- Operation Five Stones: Part of the Israeli incursions in the West Bank during the Gaza war
| Date | 26 – 29 November 2025 |
| Location | Tubas Governorate, Palestine |
| Result | Israeli withdrawal |

Belligerents
- Israel: Palestinian Islamic Jihad Hamas

Units involved
- Israel Defense Forces Israeli Ground Forces Judea and Samaria Division Menashe Brigade; Samaria Brigade; ; 98th Division Oz Brigade; ; ; Israeli Air Force; ;: Tubas Brigade

Casualties and losses
- Unknown: Unknown

= Operation Five Stones =

2025 Israeli military action in the West Bank

Operation Five Stones was a four-day Israeli military operation in the northern West Bank that lasted from 26 to 29 November 2025. It focused on combatting Palestinian militants in an area of Tubas Governorate dubbed the "Pentagon of Villages": Tubas, Tammun, the al-Fara'a camp, Aqaba, and Tayasir. While some sources described the operation as an extension of Israel's large-scale "Operation Iron Wall", the Israel Defense Forces (IDF) said it was not and referred to it as a new and distinct operation.

== Timeline ==

=== 26 November ===
A heavy deployment of Israeli forces in the Tubas Governorate began at midnight. Israel announced the start of the operation, which it described as "a broad counterterrorism operation" in the northern West Bank. Israeli forces sealed off large portions of the governorate, imposing a siege in the region and obstructing roads. Israeli helicopters firing at random were reported above Tubas. According to Tubas mayor Mahmoud Daraghmeh, this is the first time since the Second Intifada that military helicopters have been used in the city.

According to Ahmed al-Assad, governor of Tubas Governorate, Israeli forces encircled Tubas and established positions across several of the city's neighborhoods. He said the operation "looks to be a long one" and that Israeli forces were displacing and arresting residents.

Per Palestinian media, Tammun mayor Samir Basharat was among those detained by Israeli forces.

The Tubas Brigade said it had "confronted the incursion of the occupation forces", detonating explosives against IDF army vehicles.

=== 27 November ===
Israeli forces in the Tubas Governorate detained two journalists, a Palestinian and an Egyptian.

=== 28 November ===
The IDF withdrew from Tammun in the morning.

The IDF reported that 40 militants had been arrested, dozens of weapons had been confiscated, dozens of kilograms of potassium for explosives production had been seized, an "operational apartment" in Tammun was destroyed, and tens of thousands of shekels meant to finance militancy were confiscated.

The IDF also carried out mass detentions in the al-Fara'a camp. However, it withdrew from the camp that night.

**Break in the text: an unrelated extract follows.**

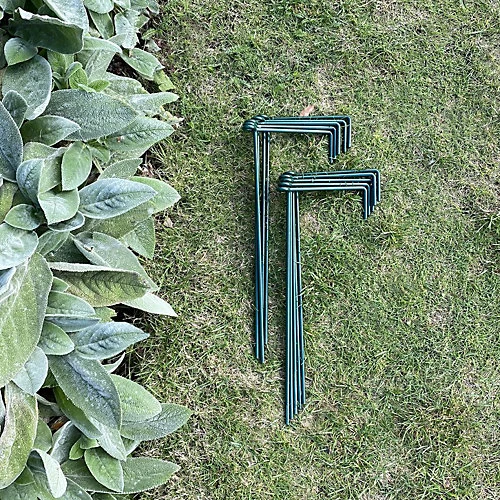 Garden Linked Metal Plant Support For Herbaceous Plants 50cm X 20cm (Pack Of 10) 3 Garden Linked Metal Plant Support For Herbaceous Plants 50cm X 20cm (Pack Of 10)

Tubas Brigade militants targeted an Israeli foot patrol with an explosive device in a river valley of the Tayasir area.

=== 29 November ===
During the day, Israeli forces continued to operate in Tubas, Aqaba, and Tayasir. However, that evening, Israeli forces pulled out of Tubas Governorate, marking the conclusion of the operation.

== Reported human rights violations ==
Per IMEMC, Palestinian medical officials reported widespread abuse during Operation Five Stones. Nidal Odeh, director of ambulance and emergency services in Tubas, said paramedics treated 204 injuries caused by beatings, with 69 victims transferred to hospitals and the remainder treated in the field. Kamal Bani Odeh, director of the Palestinian Prisoners’ Society (PPS) in Tubas, confirmed that Israeli forces detained around 200 Palestinians for field interrogations. Most were later released, except for 10 individuals. It was additionally reported that Israeli forces carried out extensive home invasions, destroying property and subjecting residents to mistreatment.